Selling Options. The purchaser of a call option pays a premium to the
seller (i.e., the writer) for the right to buy the underlying security from the
seller at a specified price during a certain period. The Fund would write call
options only on a covered basis or for cross-hedging purposes. A call option is
covered if, at all times during the option period, the Fund would own or have
the right to acquire securities of the type that it would be obligated to
deliver if any outstanding option were exercised. An option is for cross-hedging
purposes if it is not covered by the security subject to the option, but is
designed to provide a hedge against another security which the Fund owns or has
the right to acquire. In such circumstances, the Fund collateralizes the option
by maintaining in a segregated account with the Fund's custodian cash or liquid
securities in an amount not less than the market value of the underlying
security, marked to market daily, while the option is outstanding.
The purchaser of a put option pays a premium to the seller (i.e., the
writer) for the right to sell the underlying security to the writer at a
specified price during a certain period. The Fund would sell put options only on
a secured basis, which means that, at all
B-7
<PAGE> 35
times during the option period, the Fund would maintain in a segregated account
with its custodian cash or liquid securities in an amount of not less than the
exercise price of the option, or would hold a put on the same underlying
security at an equal or greater exercise price.

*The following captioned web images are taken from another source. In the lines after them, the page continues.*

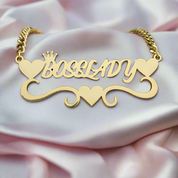 Custom Name Necklace With Heart-Black Diamonds New York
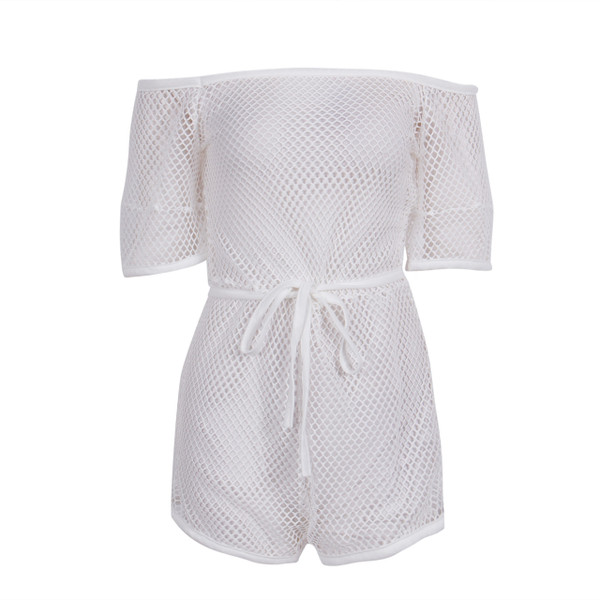 Rejea woman mesh fishnet bikini cover up jumpsuit swimwear hollow out beach swim cover-ups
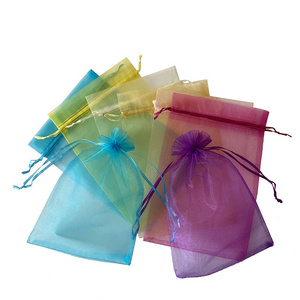 On Stock Multi colors 16x24cm Mesh Lingerie Pouches Drawstring Organza Gift Bags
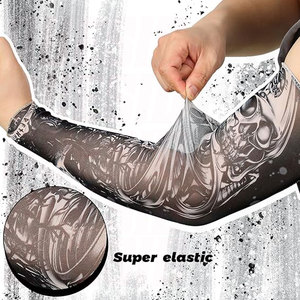Manchon de tatouage temporaire pour hommes, manches de bras rafraîchissantes longues sans doigts, protection UV antidérapante, manches solaires respirantes - Product Image 4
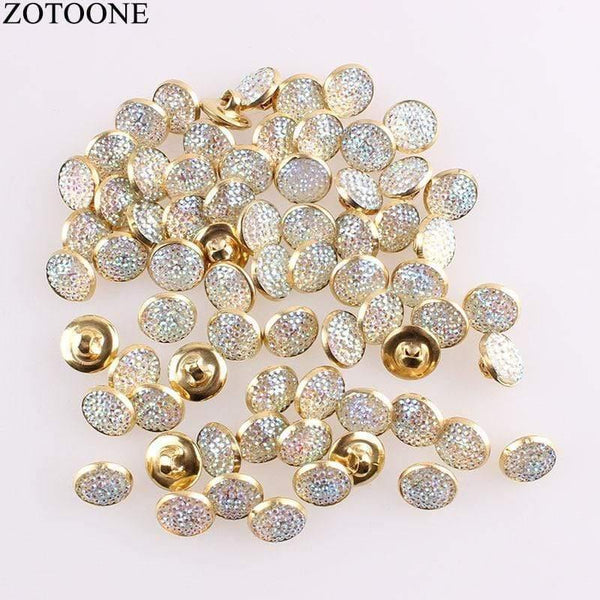 Planet Gates 50PCS Beautiful Rhinestone Metal Button For Coat Scrapbooking Sewing Garment Supplies Clothing Accessories DIY Crafts C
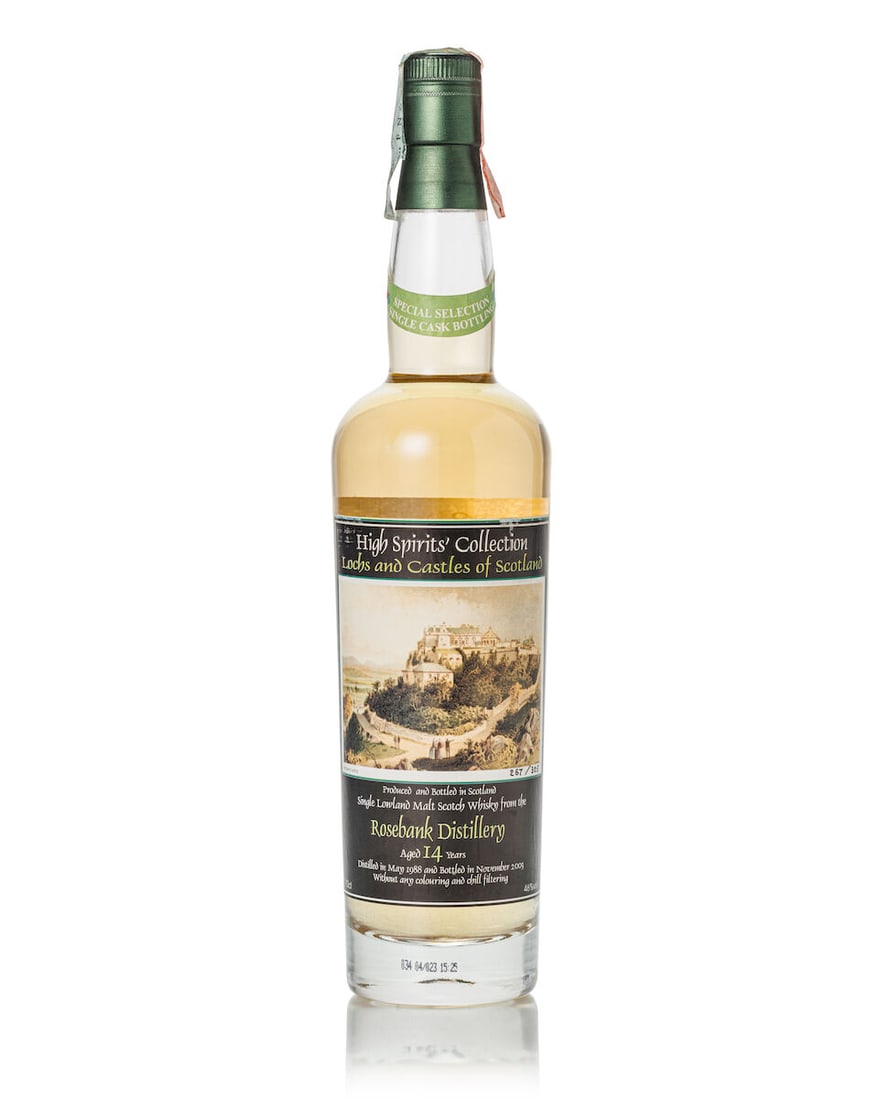 Rosebank 14 Year Old Cask #848, 1988 (1x 700ml): Rosebank 14 Year Old Cask #848, 1988 (1x 700ml) Region: Lowland Fill Level: into neck Label: scuffed label Alcohol content: 46% ABV Notes: Lochs and Castles of Scotland Series. Bottled November 2003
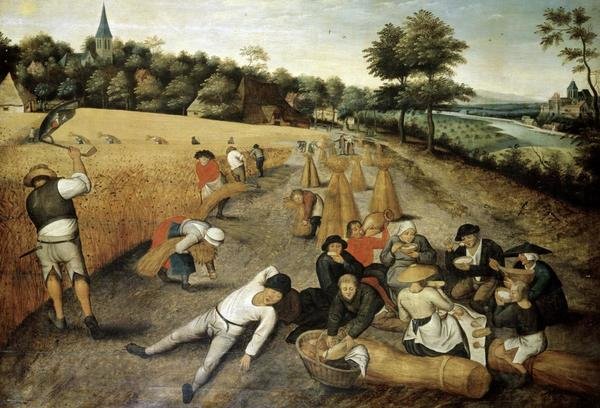 Serie dedicata ai mesi - La raccolta del grano - Luglio- quadro di Pieter Brueghel il vecchio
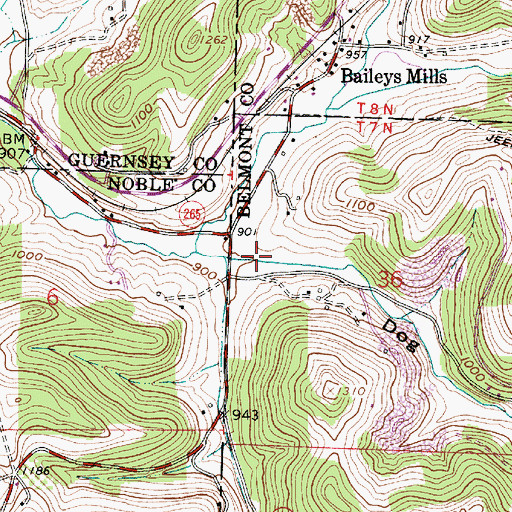 Topographic Map of Dog Hollow, OH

Closing Purchase Transactions and Offsetting Transactions. In order to
terminate its position as a writer of a call or put option, the Fund could enter
into a "closing purchase transaction," which is the purchase of a call (put) on
the same underlying security and having the same exercise price and expiration
date as the call (put) previously sold by the Fund. The Fund would realize a
gain (loss) if the premium plus commission paid in the closing purchase
transaction is lesser (greater) than the premium it received on the sale of the
option. The Fund would also realize a gain if an option it has written lapses
unexercised.
The Fund could sell options that are listed on an exchange as well as
options which are privately negotiated in over-the-counter transactions. The
Fund could close out its position as a seller of an option only if a liquid
secondary market exists for options of that series, but there is no assurance
that such a market will exist, particularly in the case of over-the-counter
options, since they can be closed out only with the other party to the
transaction. Alternatively, the Fund could purchase an offsetting option, which
would not close out its position as a seller, but would provide an asset of
equal value to its obligation under the option sold. If the Fund is not able to
enter into a closing purchase transaction or to purchase an offsetting option
with respect to an option it has sold, it will be required to maintain the
securities subject to the call or the collateral securing the option until a
closing purchase transaction can be entered into (or the option is exercised or
expires) even though it might not be advantageous to do so. The staff of the SEC
currently takes the position that, in general, over-the-counter options on
securities purchased by the Fund, and portfolio securities "covering" the amount
of the Fund's obligation pursuant to an over-the-counter option sold by it (the
cost of the sell-back plus the in-the-money amount, if any) are illiquid, and
are subject to the Fund's limitation on illiquid securities described herein.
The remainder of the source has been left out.